| Outcome | Probability | Yes Bid | Yes Ask | 24h Change | Volume | |
|---|---|---|---|---|---|---|
| Above 0.0% | 0% | 0¢ | 0¢ | — | $0 | Trade → |
| Above 0.1% | 0% | 0¢ | 0¢ | — | $0 | Trade → |
| Above 0.2% | 0% | 0¢ | 0¢ | — | $0 | Trade → |
| Above 0.3% | 0% | 0¢ | 0¢ | — | $0 | Trade → |
| Above 0.4% | 0% | 0¢ | 0¢ | — | $0 | Trade → |
This market asks how much the core Personal Consumption Expenditures (PCE) price index will increase in October 2026 — a closely watched inflation gauge that influences monetary policy, bond markets, and economic forecasts.
Core PCE excludes food and energy and is the Federal Reserve's preferred inflation metric; the Bureau of Economic Analysis (BEA) publishes it in the monthly Personal Income and Outlays report. October 2026's reading will be evaluated against recent trends, seasonal patterns, and market expectations, and it can prompt revisions to interest-rate outlooks and asset prices.

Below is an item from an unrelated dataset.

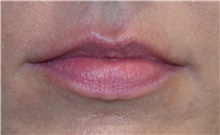 Lip Augmentation/Enhancement Before Photo by Richard Reish, MD, FACS; New York, NY - Case 30940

Prediction market odds aggregate traders' views about plausible outcomes and update as new information arrives; treat them as a dynamic consensus indicator rather than a definitive prediction. For settlement, always refer to the event's resolution language to see which official BEA figure is used and whether revisions matter.
The market will reference the BEA's published core PCE figure for October 2026 as specified in the event's resolution text; the BEA publishes core PCE in its Personal Income and Outlays release, which is available on the BEA website and economic calendars.

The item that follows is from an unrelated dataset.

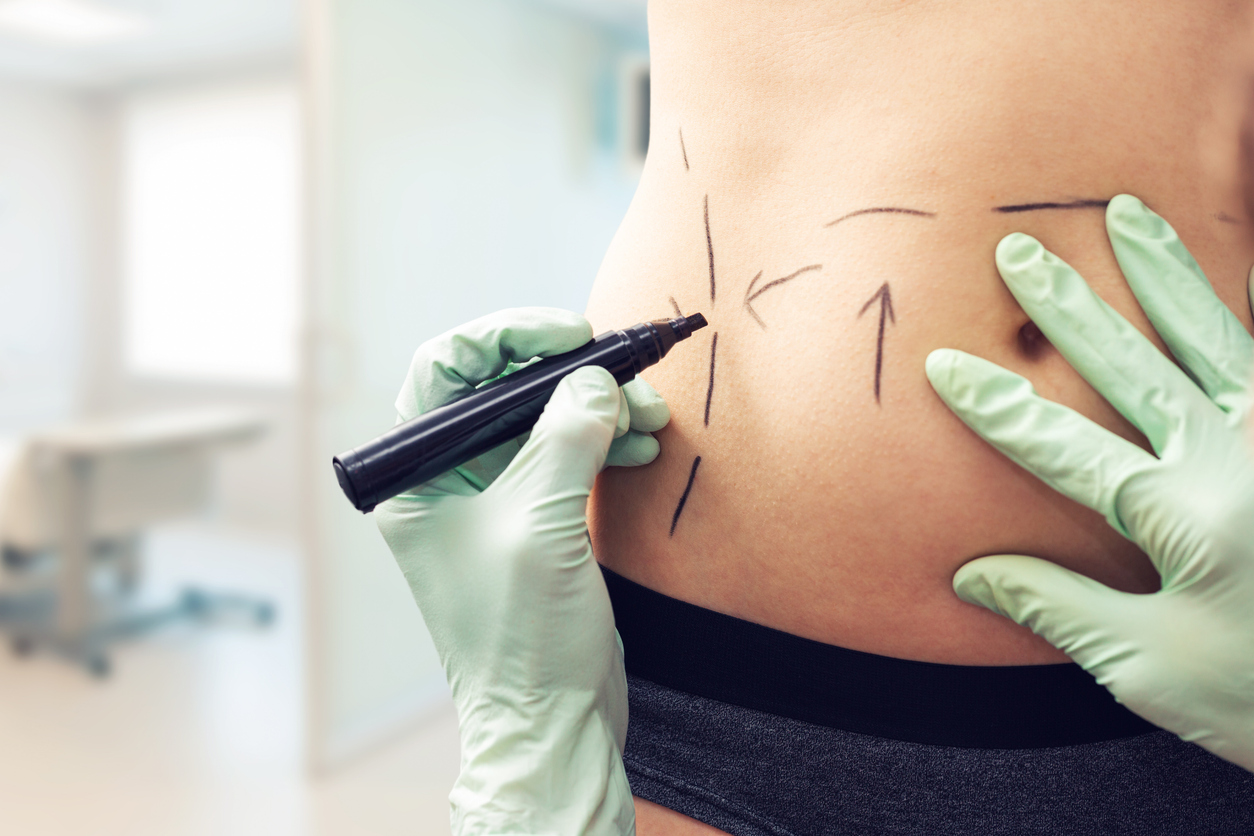 A lipoaspiração na barriga é perigosa - Clínica Infinity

The exact measurement (for example month-over-month change, annualized monthly rate, or year-over-year) is defined in the market's resolution rules; many markets with this phrasing use the month-over-month increase, so check the event page to confirm the precise metric.
Whether revisions affect settlement depends on the event's resolution language — some markets settle to the initially published BEA number while others allow later revisions to determine the final outcome; consult the event rules to know which applies here.

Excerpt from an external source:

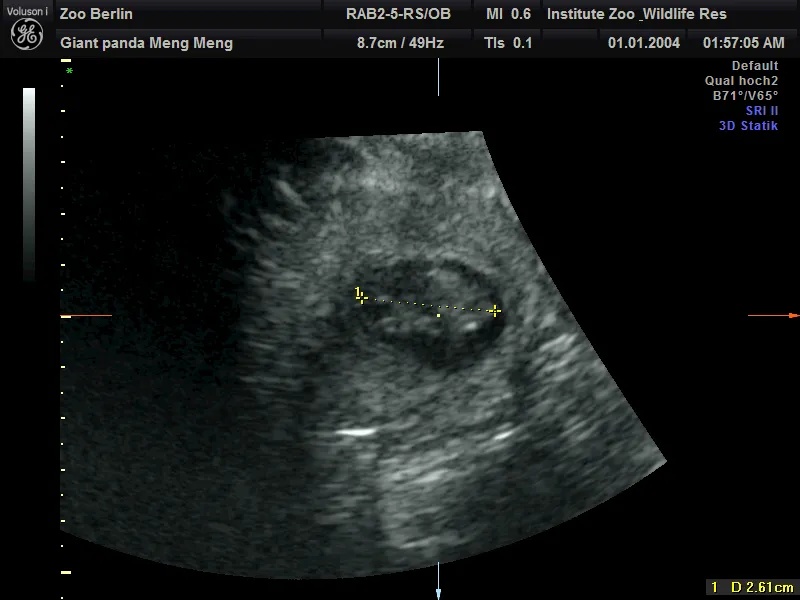 喜讯确认：再次怀上双胞胎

Monitor monthly employment reports, CPI and PPI releases, retail sales, import/export price indices, weekly energy price trends, and Fed speeches; these provide real-time signals that often precede movements in core PCE.
The event page lists the market close time (currently TBD); some markets close before the BEA release while others remain open and settle after publication, so verify the listed close time and settlement rules to know whether post-release trading is possible.